#### Exercise:
Would you reproduce the data below exactly, please, leaving out its images?

(Brief descriptive captions)
+++

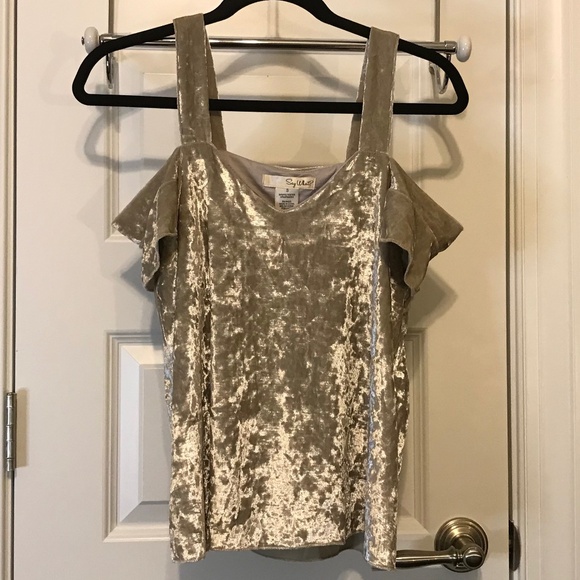 Beautiful drop sleeve silver velvet top by Say What? (S) - Picture 2 of 13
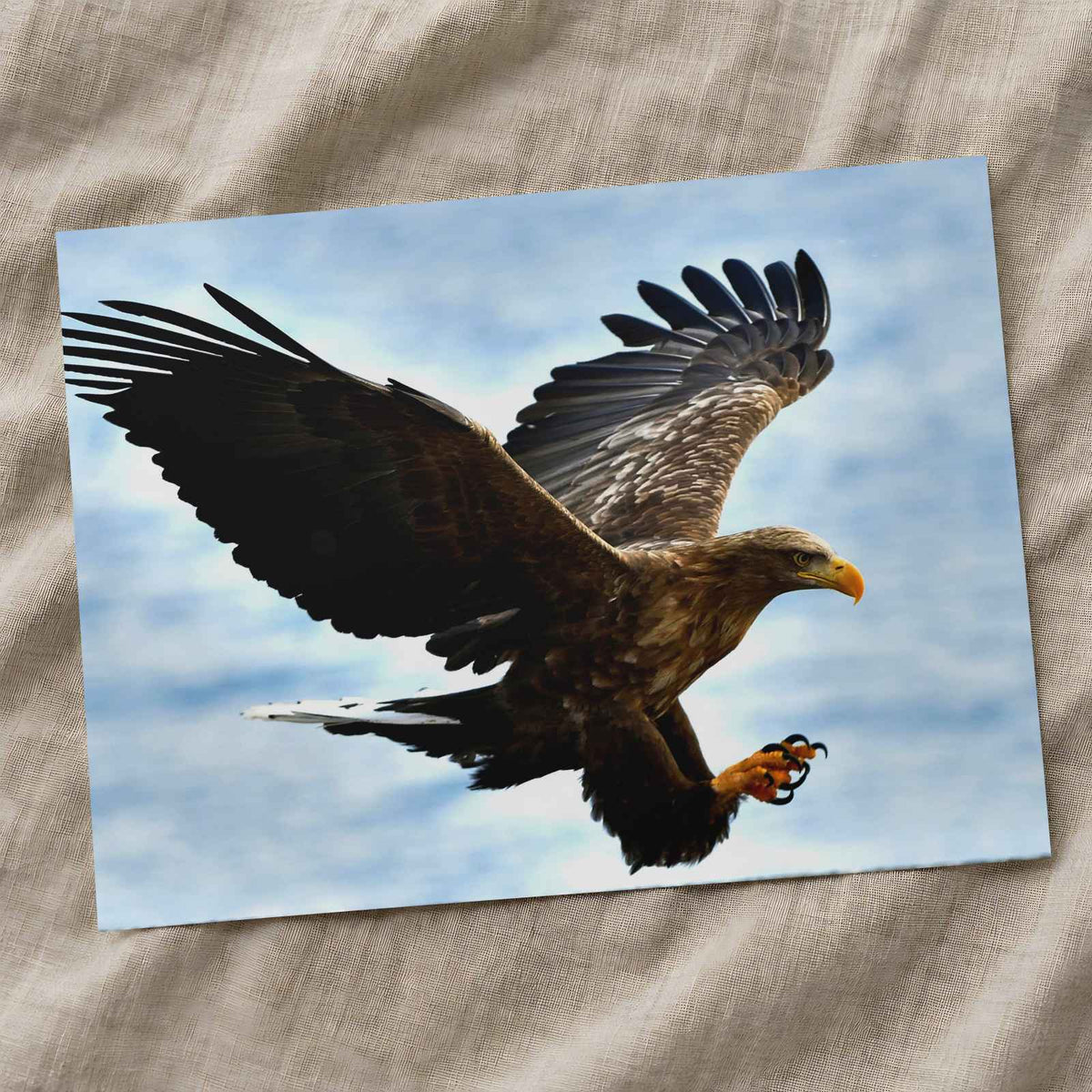 White-Tailed Eagle Photo Print Wall Decor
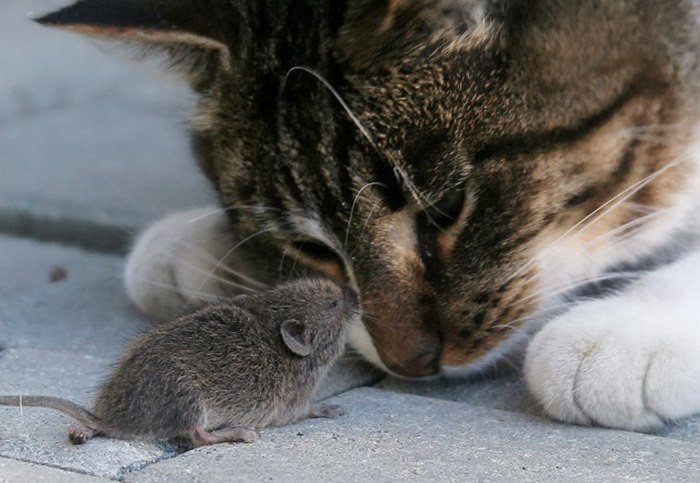 Кот поймал мышку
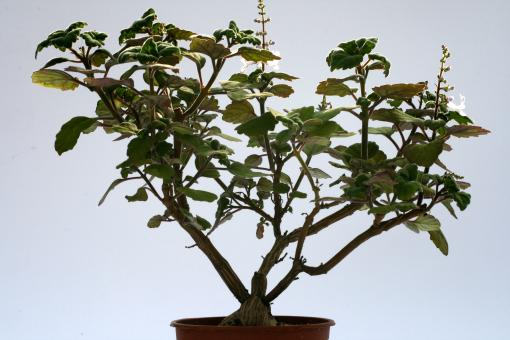 Plectranthus ernstii Y. Eastern Cape to KwaZulu-Natal, RSA 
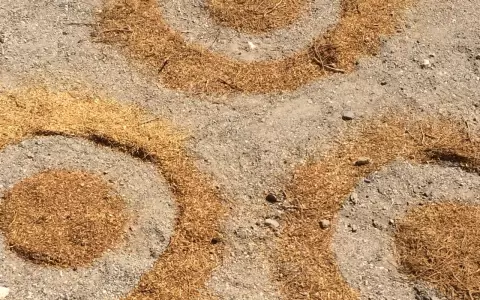 Instalaci�n de Marco Ben�tez en el desierto de Atacama.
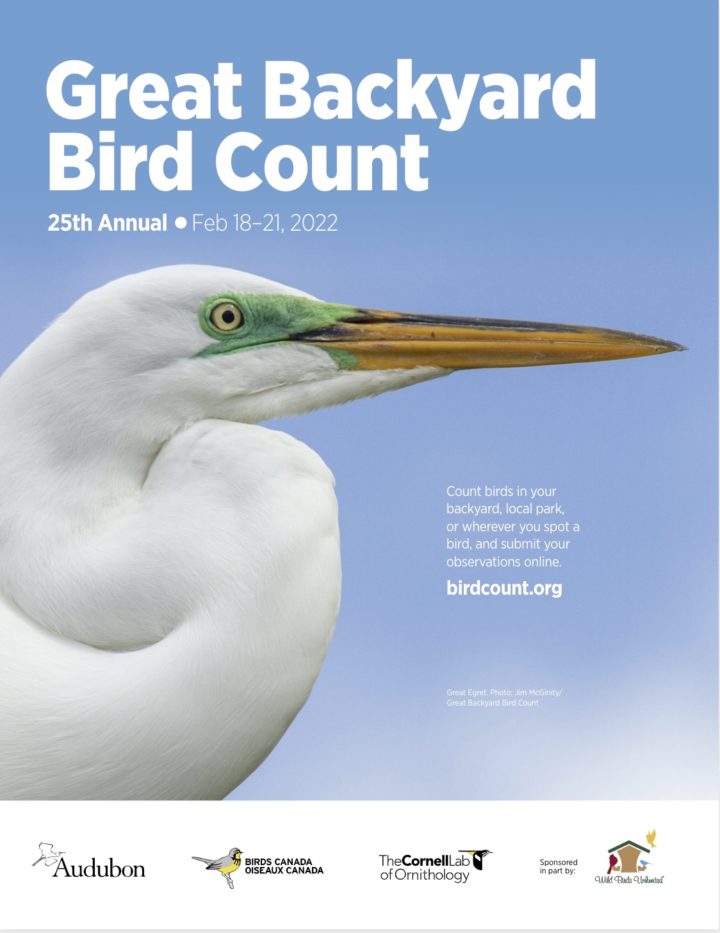 Posters – Great Backyard Bird Count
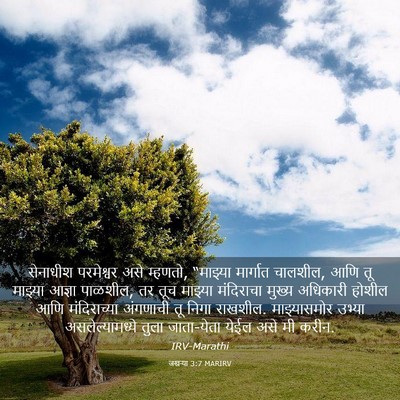 Picture 03 - जखऱ्या 3:7 MARIRV - सेनाधीश परमेश्वर - Bible Verse Picture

+++

#### Solution:
 Beautiful drop sleeve silver velvet top by Say What? (S) - Picture 2 of 13
 White-Tailed Eagle Photo Print Wall Decor
 Кот поймал мышку
 Plectranthus ernstii Y. Eastern Cape to KwaZulu-Natal, RSA 
 Instalaci�n de Marco Ben�tez en el desierto de Atacama.
 Posters – Great Backyard Bird Count
 Picture 03 - जखऱ्या 3:7 MARIRV - सेनाधीश परमेश्वर - Bible Verse Picture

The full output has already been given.